*** DATA FOR THIS EXERCISE ***

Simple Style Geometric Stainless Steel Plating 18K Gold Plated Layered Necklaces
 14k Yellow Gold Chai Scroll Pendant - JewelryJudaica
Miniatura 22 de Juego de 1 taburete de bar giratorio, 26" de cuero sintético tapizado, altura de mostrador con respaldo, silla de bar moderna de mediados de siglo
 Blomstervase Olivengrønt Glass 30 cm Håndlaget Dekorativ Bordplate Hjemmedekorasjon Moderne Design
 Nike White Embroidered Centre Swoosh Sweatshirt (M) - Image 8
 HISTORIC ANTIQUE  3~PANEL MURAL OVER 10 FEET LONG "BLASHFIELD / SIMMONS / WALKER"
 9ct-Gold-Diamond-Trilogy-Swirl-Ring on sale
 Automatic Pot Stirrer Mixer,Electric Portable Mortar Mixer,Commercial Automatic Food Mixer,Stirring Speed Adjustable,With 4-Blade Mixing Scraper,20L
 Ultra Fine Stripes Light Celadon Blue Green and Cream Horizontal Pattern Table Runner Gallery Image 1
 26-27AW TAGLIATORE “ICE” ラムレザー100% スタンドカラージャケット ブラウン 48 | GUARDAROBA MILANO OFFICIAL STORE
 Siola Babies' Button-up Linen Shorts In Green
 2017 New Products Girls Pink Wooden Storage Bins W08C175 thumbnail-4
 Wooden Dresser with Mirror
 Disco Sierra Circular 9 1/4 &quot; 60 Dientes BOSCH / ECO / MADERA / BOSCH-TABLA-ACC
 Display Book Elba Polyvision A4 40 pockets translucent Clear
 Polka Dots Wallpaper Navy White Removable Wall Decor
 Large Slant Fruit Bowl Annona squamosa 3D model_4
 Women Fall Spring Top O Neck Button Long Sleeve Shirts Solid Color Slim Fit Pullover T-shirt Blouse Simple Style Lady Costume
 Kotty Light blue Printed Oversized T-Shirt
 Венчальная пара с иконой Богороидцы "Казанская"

***

**ABOUT THIS EXERCISE**
In the listing above, find the line containing "Wooden Dresser with Mirror" and the line containing "Large Slant Fruit". Output them and every line between, exactly, and nothing else.

**PROBLEM SOLUTION**
 Wooden Dresser with Mirror
 Disco Sierra Circular 9 1/4 &quot; 60 Dientes BOSCH / ECO / MADERA / BOSCH-TABLA-ACC
 Display Book Elba Polyvision A4 40 pockets translucent Clear
 Polka Dots Wallpaper Navy White Removable Wall Decor
 Large Slant Fruit Bowl Annona squamosa 3D model_4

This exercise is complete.